Recorded data
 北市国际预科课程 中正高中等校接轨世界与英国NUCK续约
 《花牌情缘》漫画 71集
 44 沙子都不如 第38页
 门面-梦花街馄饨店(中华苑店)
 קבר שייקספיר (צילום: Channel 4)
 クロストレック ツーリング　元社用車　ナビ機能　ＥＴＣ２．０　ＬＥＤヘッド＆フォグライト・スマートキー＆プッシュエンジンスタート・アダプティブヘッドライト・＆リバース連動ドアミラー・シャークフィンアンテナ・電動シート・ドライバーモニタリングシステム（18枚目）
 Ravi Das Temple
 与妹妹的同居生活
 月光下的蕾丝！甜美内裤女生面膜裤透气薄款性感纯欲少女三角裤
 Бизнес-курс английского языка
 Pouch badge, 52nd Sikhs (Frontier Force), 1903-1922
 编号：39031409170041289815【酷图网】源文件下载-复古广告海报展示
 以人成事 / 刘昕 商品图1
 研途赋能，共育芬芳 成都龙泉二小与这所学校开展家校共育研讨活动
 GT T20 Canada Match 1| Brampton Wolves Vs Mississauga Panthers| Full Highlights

### Exercise objective
Transcribe the records from their first line. Stop after the line with "月光下的蕾丝！甜美内裤女生面膜裤透气薄款性感纯欲少女三角裤", including it.

### Response to the exercise
 北市国际预科课程 中正高中等校接轨世界与英国NUCK续约
 《花牌情缘》漫画 71集
 44 沙子都不如 第38页
 门面-梦花街馄饨店(中华苑店)
 קבר שייקספיר (צילום: Channel 4)
 クロストレック ツーリング　元社用車　ナビ機能　ＥＴＣ２．０　ＬＥＤヘッド＆フォグライト・スマートキー＆プッシュエンジンスタート・アダプティブヘッドライト・＆リバース連動ドアミラー・シャークフィンアンテナ・電動シート・ドライバーモニタリングシステム（18枚目）
 Ravi Das Temple
 与妹妹的同居生活
 月光下的蕾丝！甜美内裤女生面膜裤透气薄款性感纯欲少女三角裤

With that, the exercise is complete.